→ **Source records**
======
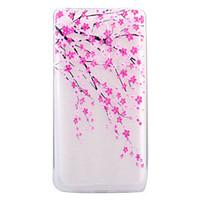 For HUAWEI 6X P8Lite(2017) Case Cover Plum Blossom Pattern HD TPU Phone Shell Material Phone Case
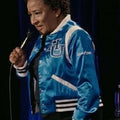 Wanda Sykes Legacy Blue Varsity Jacket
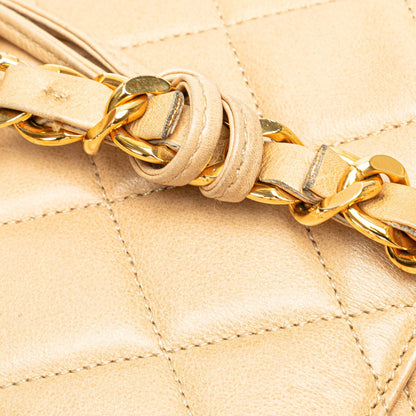 Top Quality Chanel Quilted Lambskin Shoulder Bag (SHG-lhMLve)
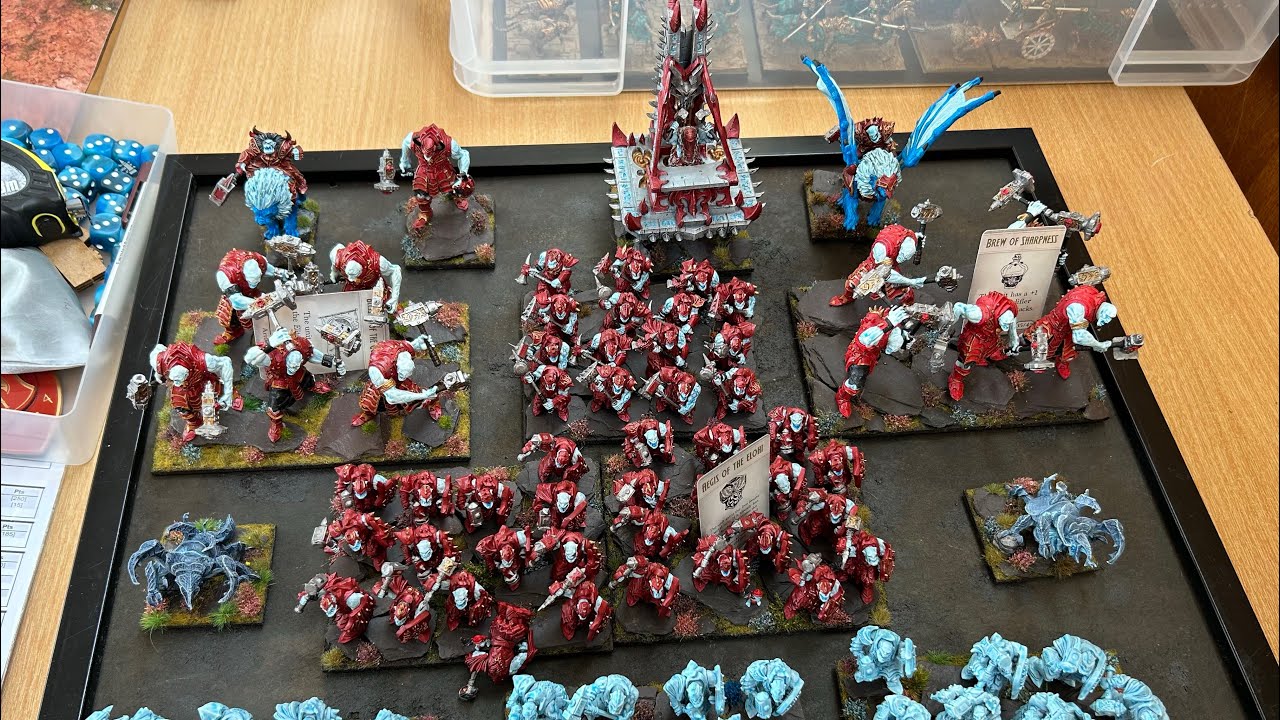 Kings of War, Clash of Kings 2025 Army Showcase.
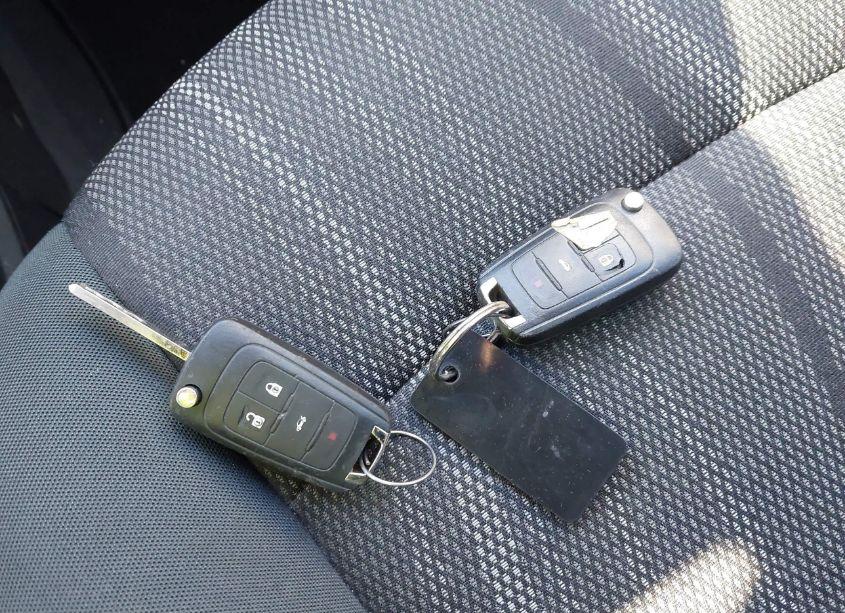 Photo 11 of 2012 Chevrolet Sonic 2LT (VIN 1G1JC5SH8C4124003)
======
→ **DIRECTIONS**
Repeat exactly the lines from the one containing "Wanda Sykes Legacy Blue Varsity Jacket" to the last line of the records above, including both, and leave out any pictures.

→ **ANSWER TO THE PROBLEM**
 Wanda Sykes Legacy Blue Varsity Jacket
 Top Quality Chanel Quilted Lambskin Shoulder Bag (SHG-lhMLve)
 Kings of War, Clash of Kings 2025 Army Showcase.
 Photo 11 of 2012 Chevrolet Sonic 2LT (VIN 1G1JC5SH8C4124003)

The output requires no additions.